> _Problem_
Reproduce each record exactly, but exclude every picture.
[Given data Boundary: Start]
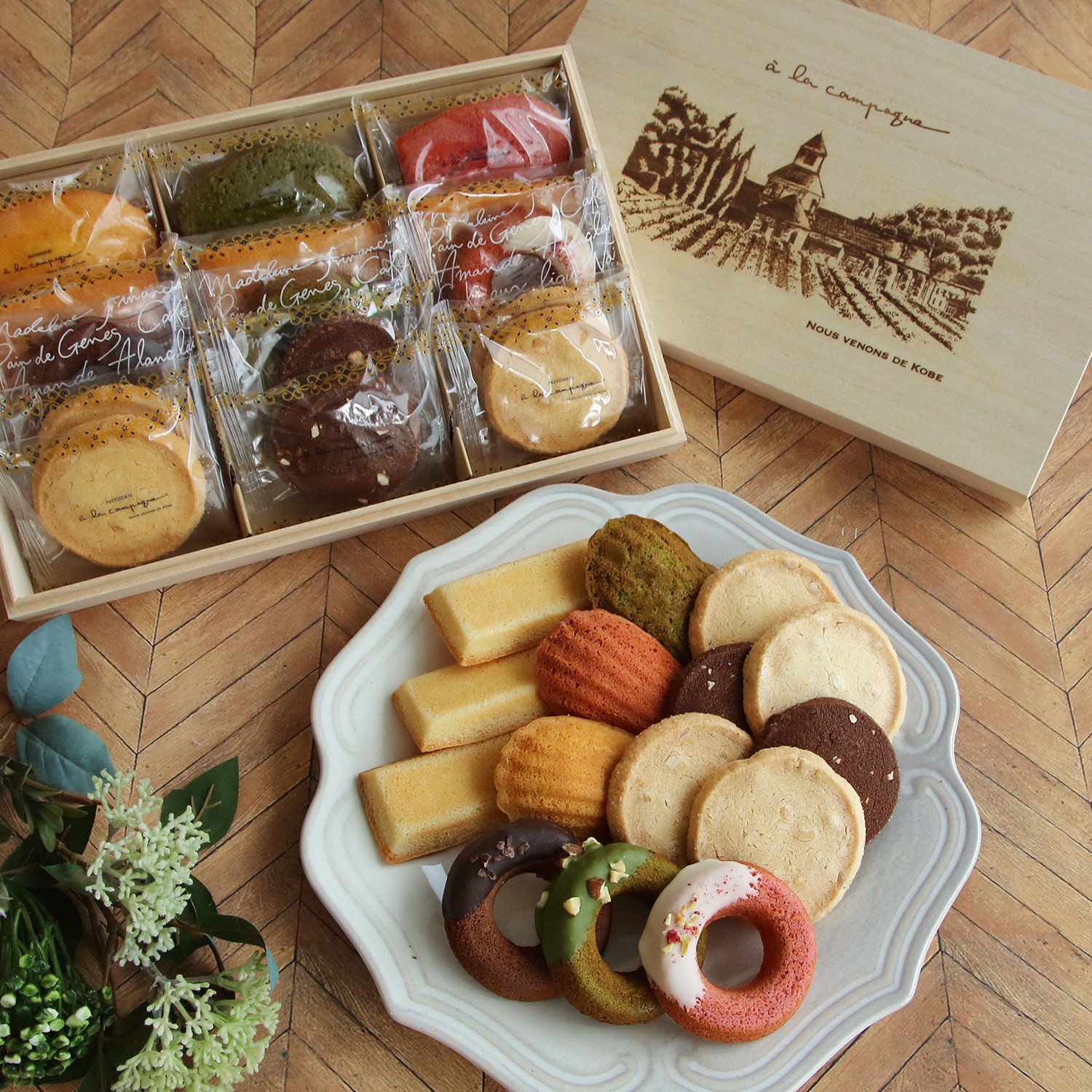 ア・ラ・カンパーニュ コフレ・グーテ 15個入り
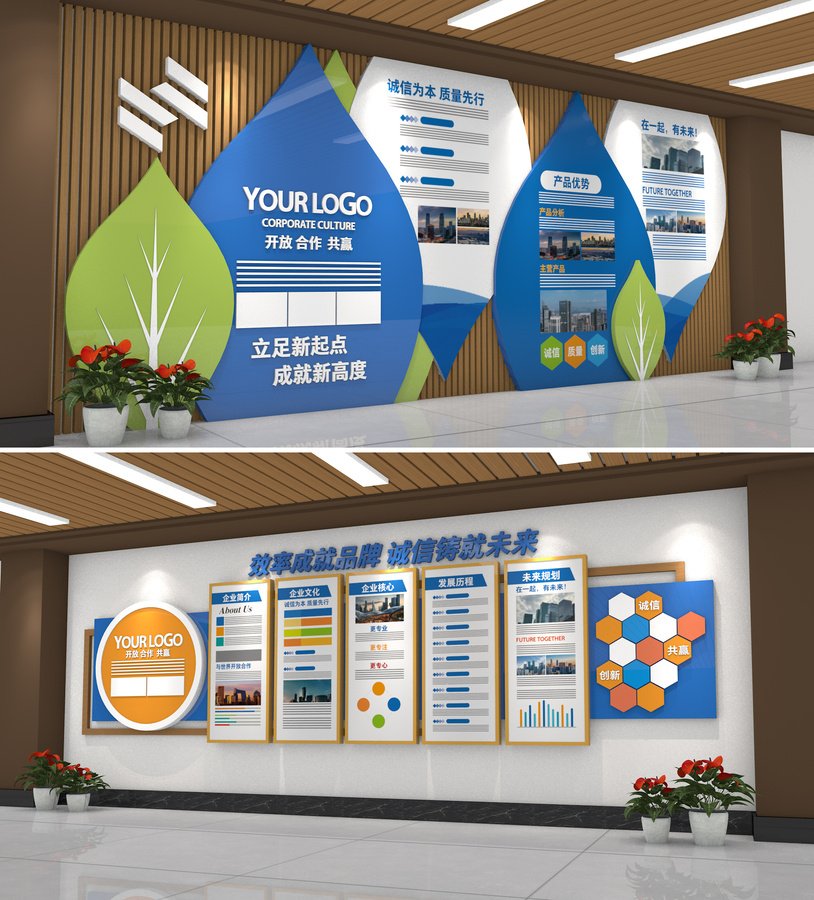 全套企業(yè)文化墻
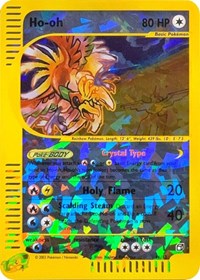 Ho-Oh - 11/12 (Box Topper)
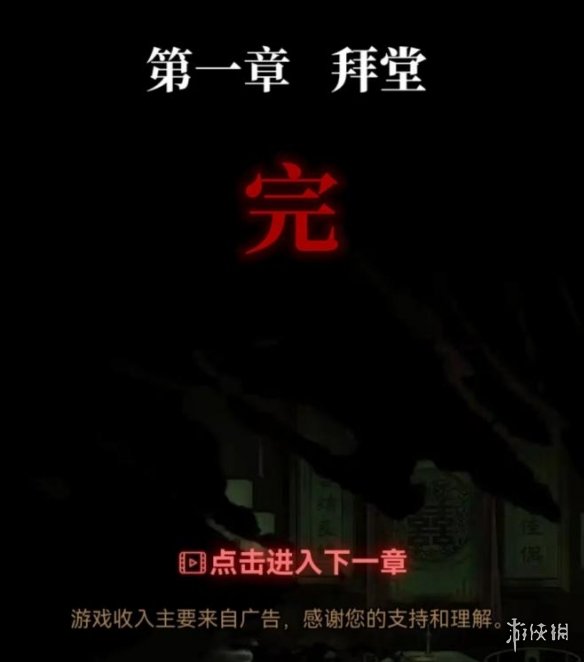 《纸嫁衣2奘铃村》PC评测：中式恐怖的冥婚怪谈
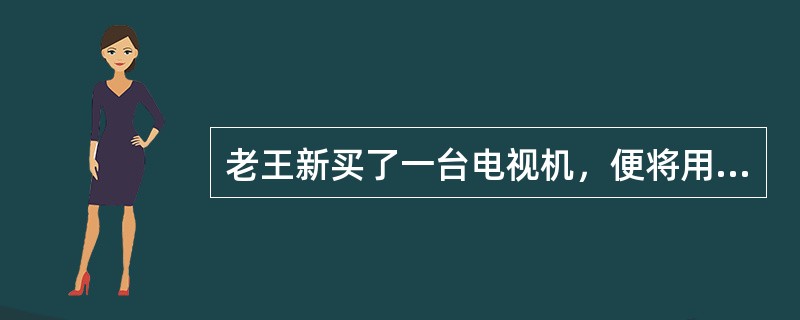 老王新买了一台电视机，便将用过1年的旧电视机赠与了弟弟，老王担心弟弟嫌电视机旧，拍胸脯保证该电视机绝无问题。弟弟将电视机带回家，某日电视机的显像管突然爆炸，将一面镜子炸毁。下列选项中错误的是（　　）。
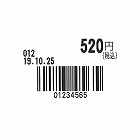 上質感熱紙ラベル　幅４０×ピッチ２８ｍｍ　２巻入り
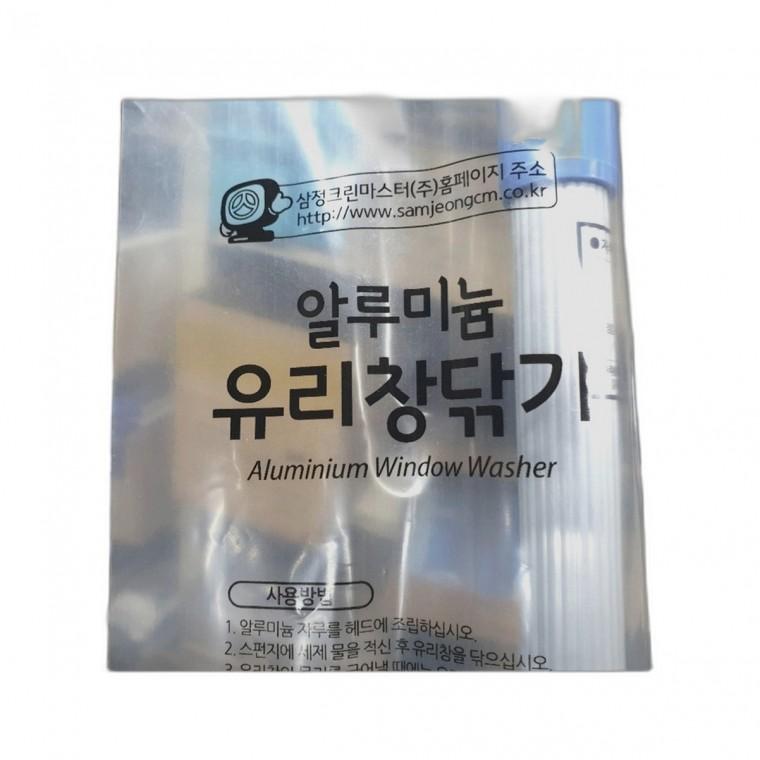 유리창 닦이 추천 제품 리뷰 청소기 유리창청소 닦는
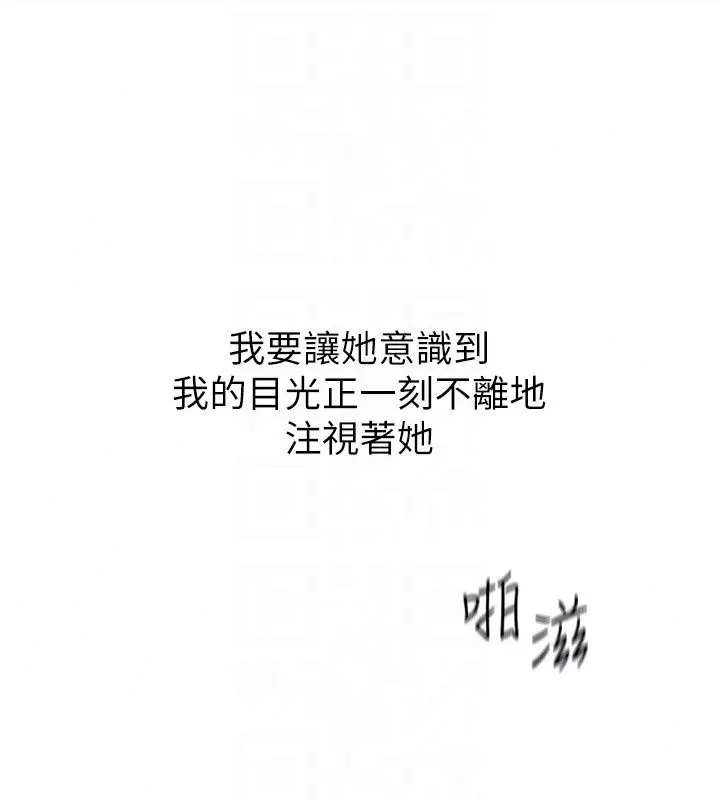 漫画《成人漫画取材课》第19话第115张图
[Given data Boundary: End]
> _Reply to the exercise_
 ア・ラ・カンパーニュ コフレ・グーテ 15個入り
 全套企業(yè)文化墻
 Ho-Oh - 11/12 (Box Topper)
 《纸嫁衣2奘铃村》PC评测：中式恐怖的冥婚怪谈
 老王新买了一台电视机，便将用过1年的旧电视机赠与了弟弟，老王担心弟弟嫌电视机旧，拍胸脯保证该电视机绝无问题。弟弟将电视机带回家，某日电视机的显像管突然爆炸，将一面镜子炸毁。下列选项中错误的是（　　）。
 上質感熱紙ラベル　幅４０×ピッチ２８ｍｍ　２巻入り
 유리창 닦이 추천 제품 리뷰 청소기 유리창청소 닦는
 漫画《成人漫画取材课》第19话第115张图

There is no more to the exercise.